Topic 5: Ordered logit and LIMDEP
Contents: Ordered
categories as dependent variables; Introduction to LIMDEP;
Basic LIMDEP commands; Using LIMDEP to carry out
ordered logit analysis; Interpreting
the results from ordered logit analysis; Further
reading and acknowledgement; References; Examples.
Ordered categories as dependent variables.
If we have a dependent variable which is measured only on an ordinal
scale, strictly speaking we cannot use linear regression to examine it.
However, in practice, so long as the dependent variable has a reasonable
number of levels, regression will work perfectly adequately. If the dependent
variable is dichotomous, we can use discriminant analysis or logistic regression.
But what about the intermediate case, where the dependent variable has
3 to perhaps 6 different levels? In such cases, ordinary linear regression
may give misleading results. We need to use ordered logit analysis.

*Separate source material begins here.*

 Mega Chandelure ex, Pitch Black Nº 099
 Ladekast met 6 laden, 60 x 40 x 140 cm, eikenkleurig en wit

There are a number of types of ordered logit model; what is described here
is the one most commonly used, called the proportional odds model,
which uses cumulative logits.
Like logistic regression, ordered logit uses maximum likelihood methods,
and finds the best set of regression coefficients to predict values of
the logit-transformed probability that the dependent variable falls into
one category rather than another. Logistic regression assumes that if the
fitted probability, p, is greater than 0.5, the dependent variable
should have value 1 rather than 0. Ordered logit doesn't have such a fixed
assumption. Instead, it fits a set of cutoff points. If there are r
levels of the dependent variable (1 to r), it will find r-1
cutoff values k1 to kr-1 such that
if the fitted value of logit(p) is below k1, the
dependent variable is predicted to take value 0, if the fitted value of
logit(p) is between k1 and k2,
the dependent variable is predicted to take value 1, and so on. As with
logistic regression, we get an overall chi-square for the goodness of fit
of the entire fitted model, and we can also use a chi-squared test to assess
the improvement due to adding an extra independent variable or group of
independent variables. As with logistic regression, a crucial piece of
information for evaluating the fit of the model is a table of predicted
versus observed category membership.
back to top
Introduction to LIMDEP
Unfortunately ordered logit is not available in SPSS. It can be done
in SAS, but we have no licence for that at Exeter. However, ordered logit
can also be found in a package called LIMDEP, which specialises in fitting
models with LIMited DEPendent variables (though it also contains procedures
for doing ordinary regression). It was written with econometricians in
mind, and is most used in economics departments; however, we have a licence
for Version 6.0 on Singer. LIMDEP is not as comprehensive as SPSS, and
not as easy to use as Minitab, but it is not difficult to use it for a
restricted purpose such as doing an ordered logit analysis on data which
we have already prepared for SPSS.
Even if we only want to use LIMDEP to carry out this single type of
analysis, however, we need to know a little bit about it: its command syntax,
how to prepare a data file for the analysis, and how it deals with the
basic functions every statistics package must implement. These basic functions
include starting a session, reading in a text file, assigning names to
columns of data, transformations and other calculations based on columns
of data, dealing with missing values, creating and using dummy variables,
finishing a session, creating a file of commands that can be edited and
reused, and sending output to a file for editing or printing.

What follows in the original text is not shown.